Problem details:
Could you return the data that follows exactly, minus the images?

Data extract:
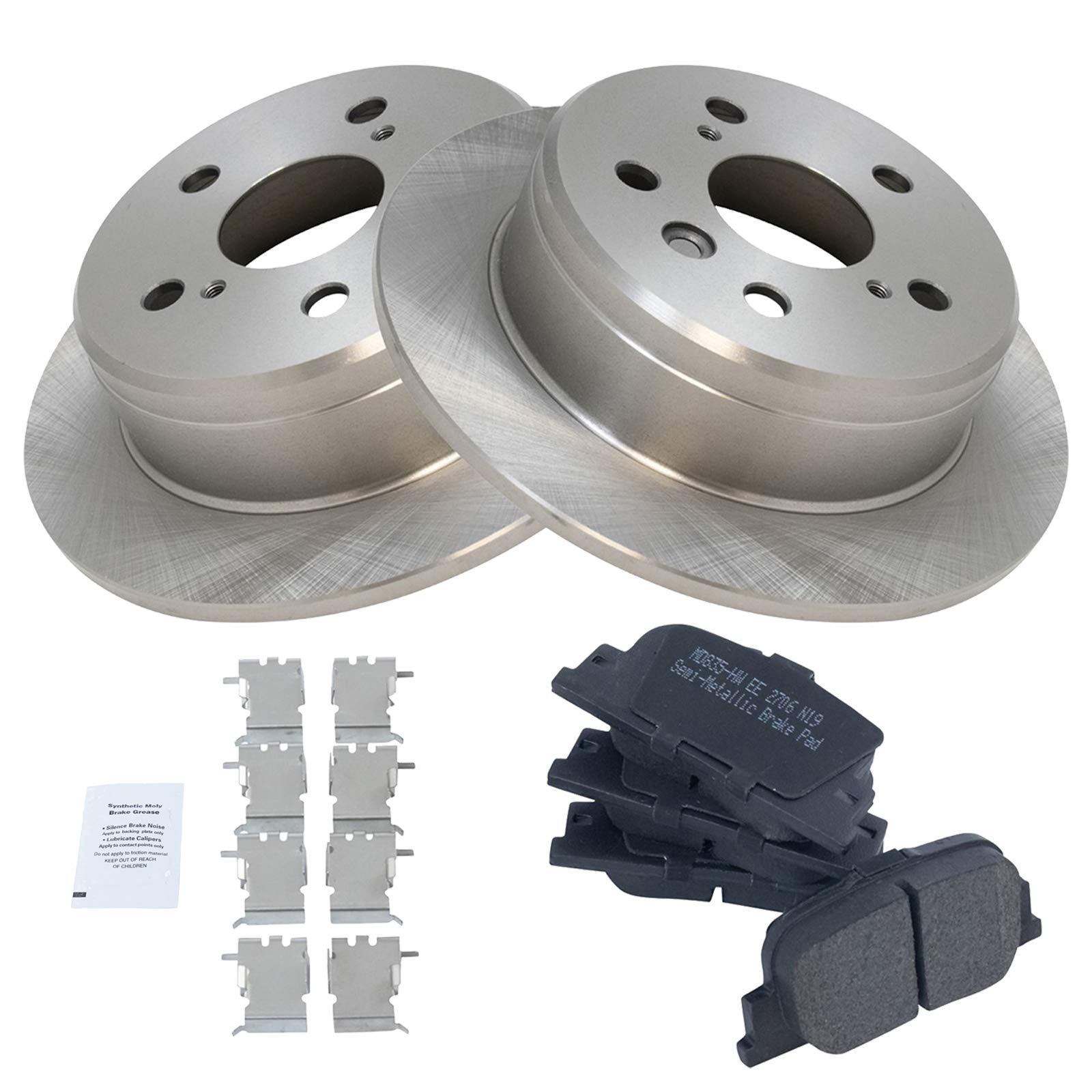 Trq Rear Brake Pad & Rotor Kit Brake Pads Brake Rotor Semi-Metallic Compatible With 2000-2001 Lexus Es300 Toyota Camry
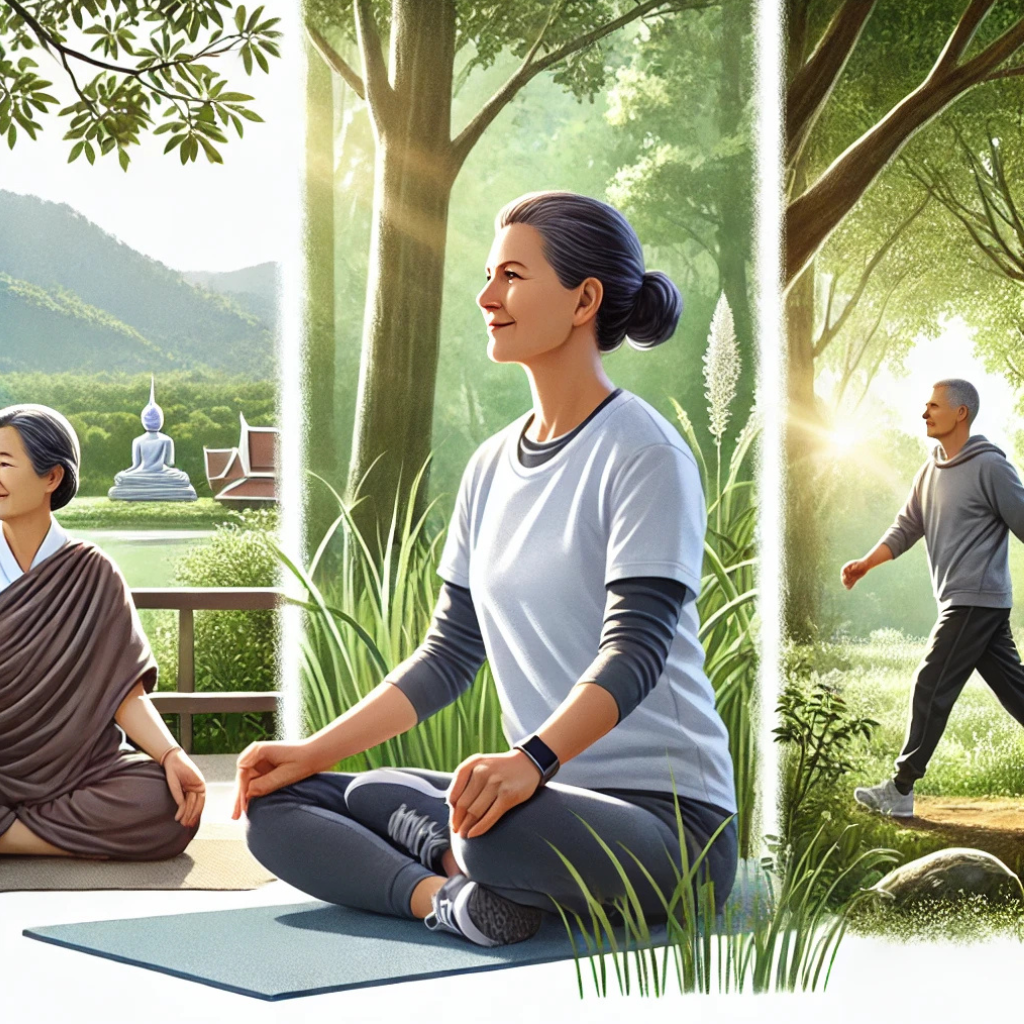 자연 속에서 스트레칭을 실천하며 건강한 일상을 보내는 중년 여성의 활기찬 모습이 담긴 이미지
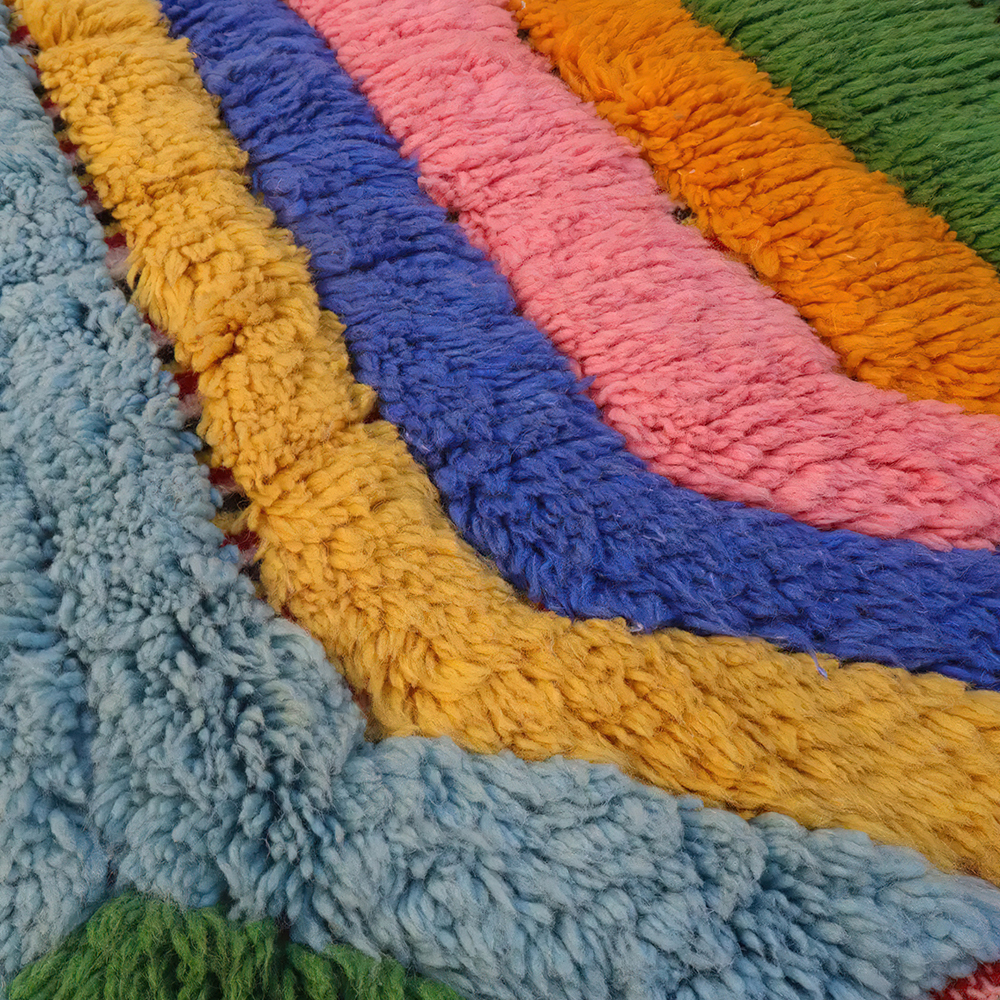 Moroccan custom rug from Beni Ourain, Wool, Colorful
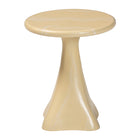 bali & pari Aponi Marbled Resin End Table - Sculptural Side Table with Round Top and Pedestal Base, Modern Contemporary Statement Furniture, Cream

Exercise result:
 Trq Rear Brake Pad & Rotor Kit Brake Pads Brake Rotor Semi-Metallic Compatible With 2000-2001 Lexus Es300 Toyota Camry
 자연 속에서 스트레칭을 실천하며 건강한 일상을 보내는 중년 여성의 활기찬 모습이 담긴 이미지
 Moroccan custom rug from Beni Ourain, Wool, Colorful
 bali & pari Aponi Marbled Resin End Table - Sculptural Side Table with Round Top and Pedestal Base, Modern Contemporary Statement Furniture, Cream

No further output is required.